**Activity:**
Scan the listing below for the word "with" and copy every line where it occurs.
════════════════════
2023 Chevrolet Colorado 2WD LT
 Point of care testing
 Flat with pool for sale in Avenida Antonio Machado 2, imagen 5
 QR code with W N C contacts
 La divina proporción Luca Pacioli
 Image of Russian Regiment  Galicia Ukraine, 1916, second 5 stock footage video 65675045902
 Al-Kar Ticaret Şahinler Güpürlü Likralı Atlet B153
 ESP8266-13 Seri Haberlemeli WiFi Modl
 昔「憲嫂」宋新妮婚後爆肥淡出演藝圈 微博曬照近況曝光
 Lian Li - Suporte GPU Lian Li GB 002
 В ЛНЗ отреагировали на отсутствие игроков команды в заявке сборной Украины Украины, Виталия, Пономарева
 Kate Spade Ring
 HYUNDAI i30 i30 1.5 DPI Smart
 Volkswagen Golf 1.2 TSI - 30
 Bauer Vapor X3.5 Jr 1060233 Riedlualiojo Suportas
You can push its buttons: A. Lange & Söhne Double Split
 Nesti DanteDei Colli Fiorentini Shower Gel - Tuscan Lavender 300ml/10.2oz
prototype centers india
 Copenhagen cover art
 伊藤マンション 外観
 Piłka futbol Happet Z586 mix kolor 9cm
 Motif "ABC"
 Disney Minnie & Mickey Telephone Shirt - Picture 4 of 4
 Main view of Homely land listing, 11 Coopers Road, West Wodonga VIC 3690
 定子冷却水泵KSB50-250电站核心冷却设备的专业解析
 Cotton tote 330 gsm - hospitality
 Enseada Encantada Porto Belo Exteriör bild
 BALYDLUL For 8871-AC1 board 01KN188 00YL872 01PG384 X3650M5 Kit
════════════════════
**Task result:**
 Flat with pool for sale in Avenida Antonio Machado 2, imagen 5
 QR code with W N C contacts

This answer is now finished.